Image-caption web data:
# # # # # # #

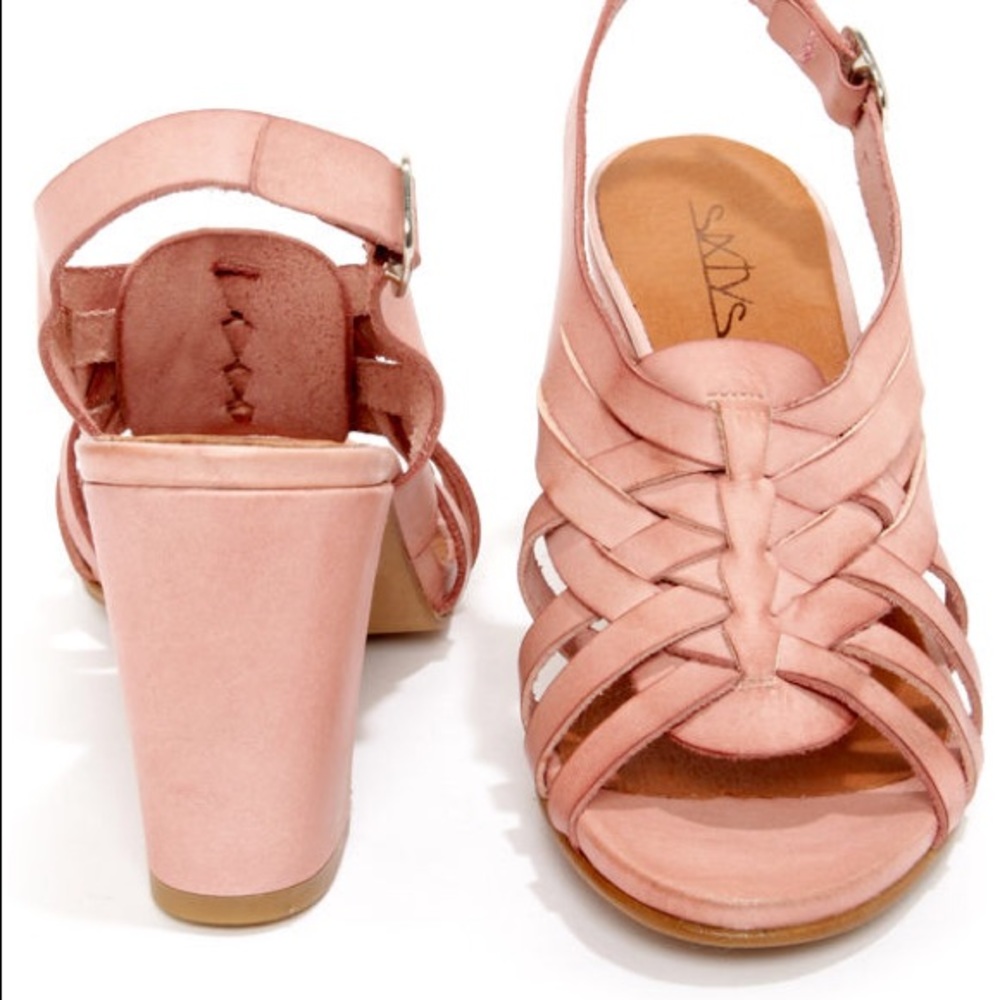 Blush pink leather huarache heels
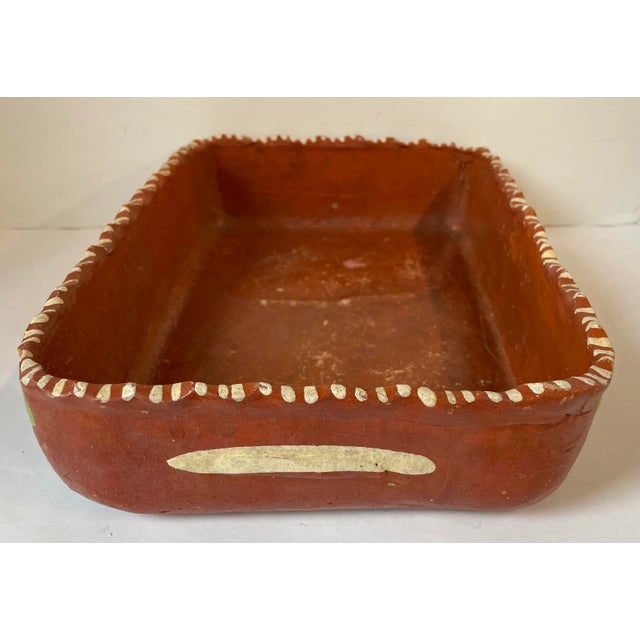 Terra Cotta Vintage Mexican Pottery Terra Cotta Dish For Sale - Image 8 of 13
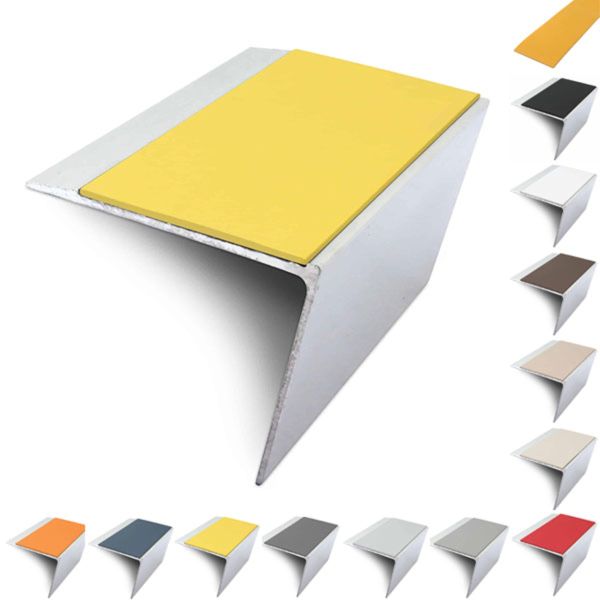 67mm x 55mm Aluminium Stair Nosing Edge Trim Rakeback With Pvc Insert DDA Compliant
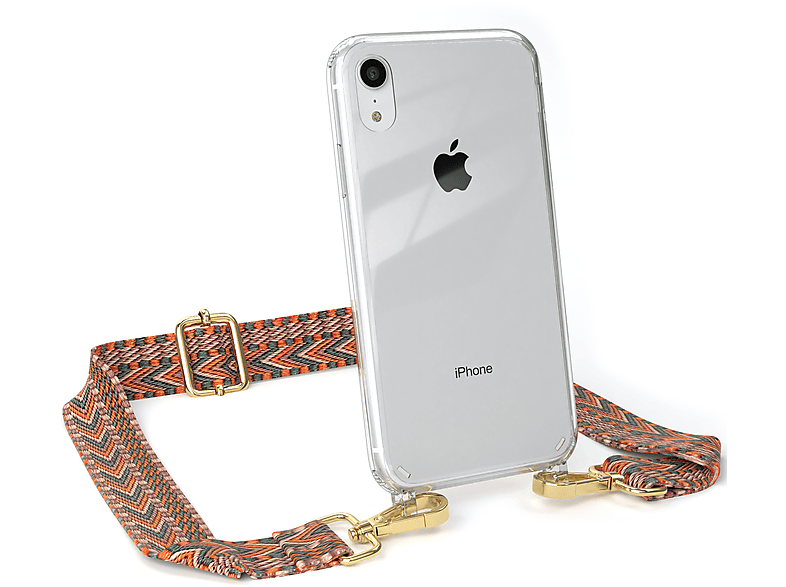 EAZY CASE Transparente Handyhülle mit Style, Grün iPhone Apple, Orange Kordel Umhängetasche, Boho / XR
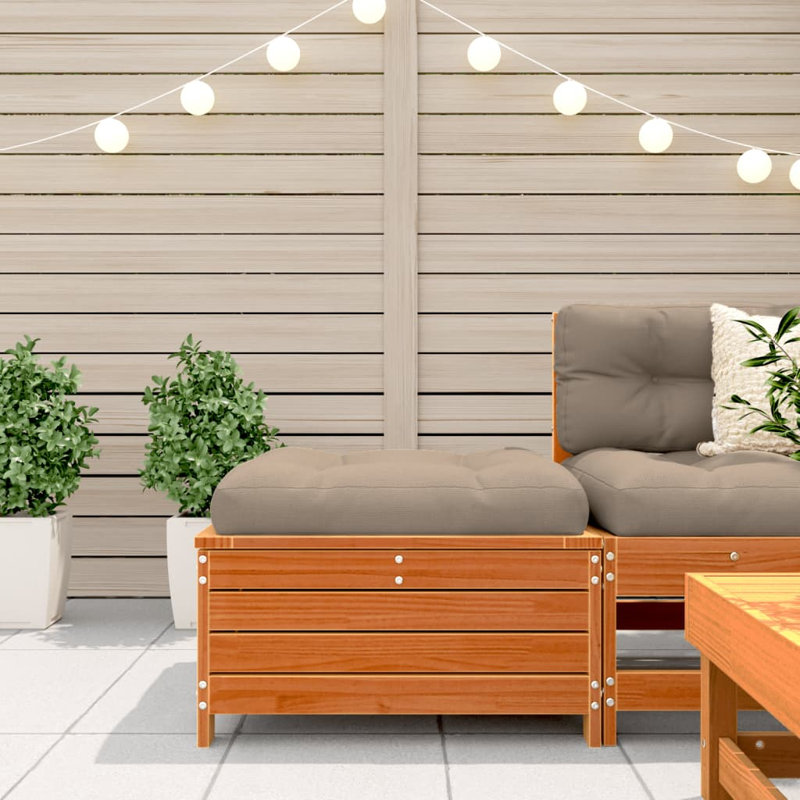 Beghtol Outdoor Ottoman, Wax Brown, Taupe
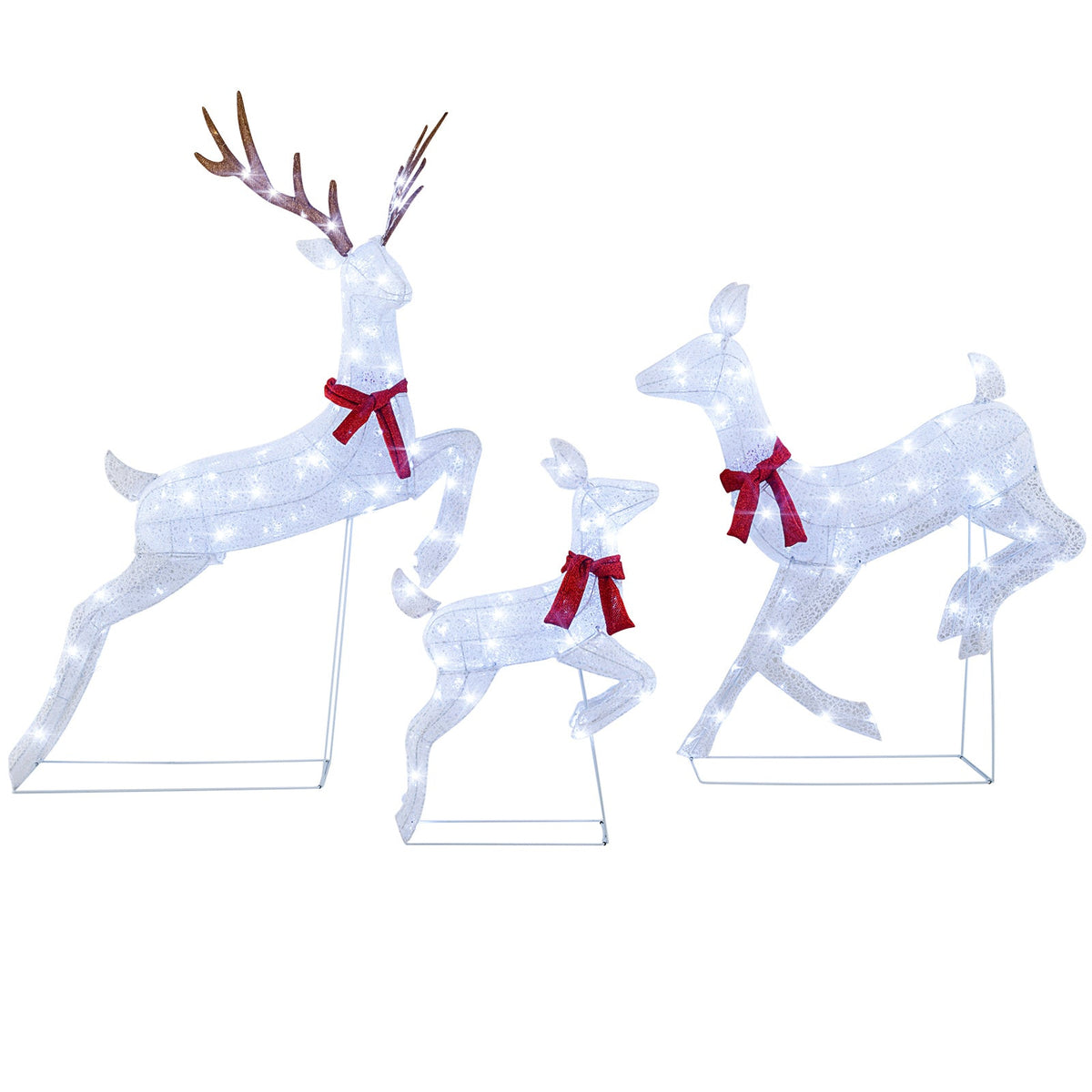 3-Piece Christmas Pre-Lit Lighted Reindeer Family Set by DirectDeals, white illuminated reindeer with red bows on Tampa Home & Garden Store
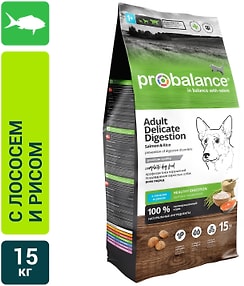 Изображение товара Сухой корм для собак Probalance Adult Delicate Digestion с лососем и рисом 15кг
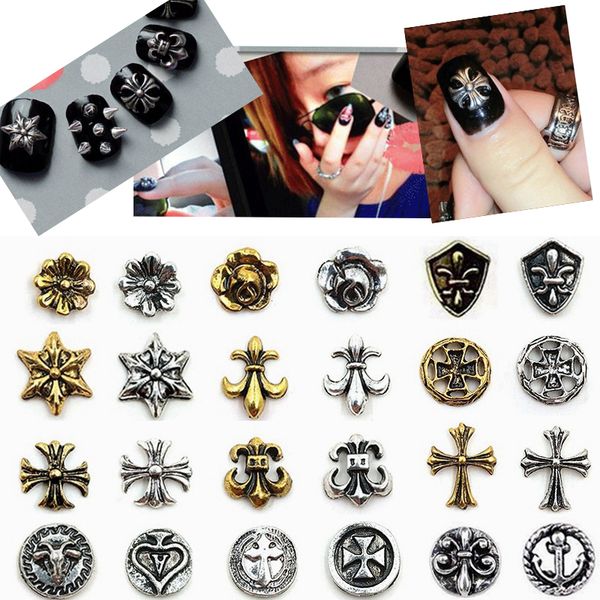 50pcs /lot retro alloy ornaments 3d nail art punk chrome design crossheart cross nail decoration manicure pk1-pk24(24styles, Silver;gold
50pcs /lot retro alloy ornaments 3d nail art punk chrome design crossheart cross nail decoration manicure pk1-pk24(24styles, Silver;gold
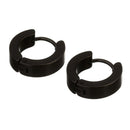 Sauvoo 1 Pair Punk Black Stainless Steel Hoop Piercing Round Neutral Earring for Women Men Fashion Jewelry Gouden Oorringen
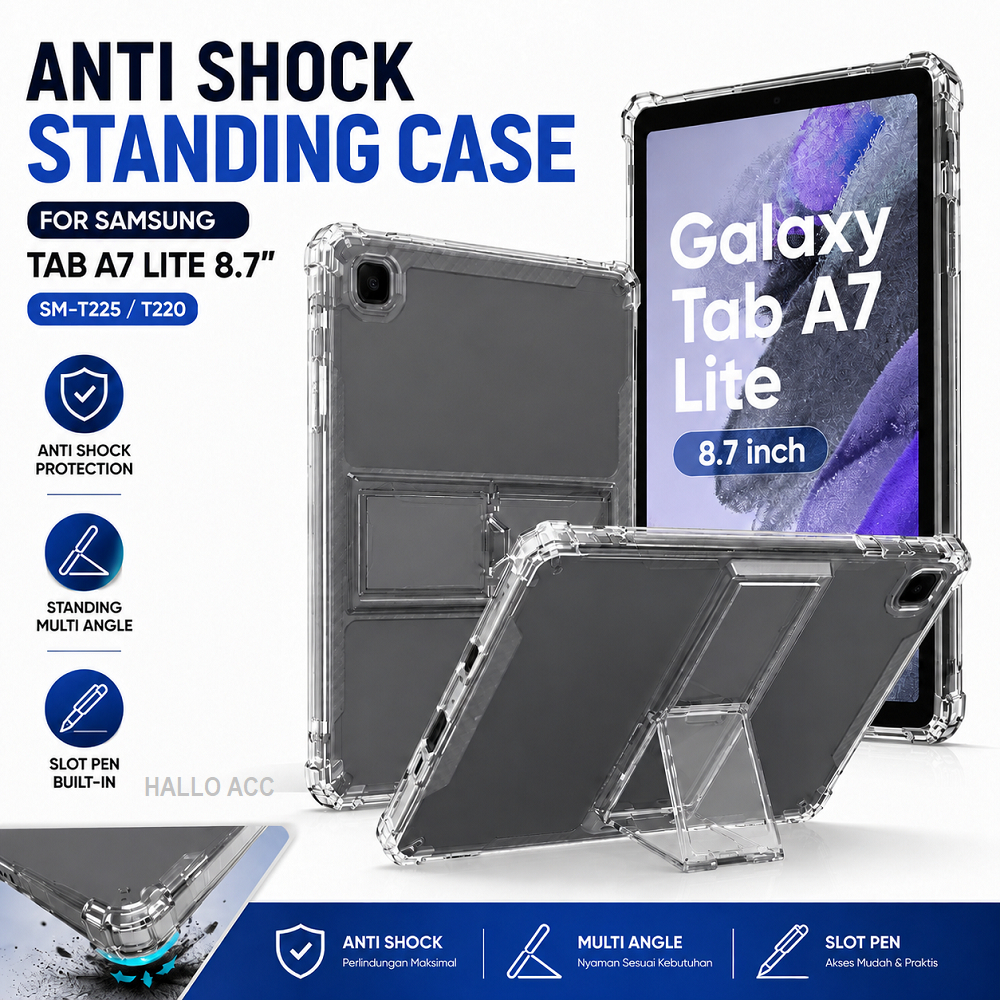 Samsung Galaxy Tab A7 Lite T220 T225 8.7 Anti Shock Standing Case Slot Pen TPU Clear Transparent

# # # # # # #

When you retype the records, keep every word exactly as written and exclude the pictures.

Solution for this task -
 Blush pink leather huarache heels
 Terra Cotta Vintage Mexican Pottery Terra Cotta Dish For Sale - Image 8 of 13
 67mm x 55mm Aluminium Stair Nosing Edge Trim Rakeback With Pvc Insert DDA Compliant
 EAZY CASE Transparente Handyhülle mit Style, Grün iPhone Apple, Orange Kordel Umhängetasche, Boho / XR
 Beghtol Outdoor Ottoman, Wax Brown, Taupe
 3-Piece Christmas Pre-Lit Lighted Reindeer Family Set by DirectDeals, white illuminated reindeer with red bows on Tampa Home & Garden Store
 Изображение товара Сухой корм для собак Probalance Adult Delicate Digestion с лососем и рисом 15кг
 50pcs /lot retro alloy ornaments 3d nail art punk chrome design crossheart cross nail decoration manicure pk1-pk24(24styles, Silver;gold
50pcs /lot retro alloy ornaments 3d nail art punk chrome design crossheart cross nail decoration manicure pk1-pk24(24styles, Silver;gold
 Sauvoo 1 Pair Punk Black Stainless Steel Hoop Piercing Round Neutral Earring for Women Men Fashion Jewelry Gouden Oorringen
 Samsung Galaxy Tab A7 Lite T220 T225 8.7 Anti Shock Standing Case Slot Pen TPU Clear Transparent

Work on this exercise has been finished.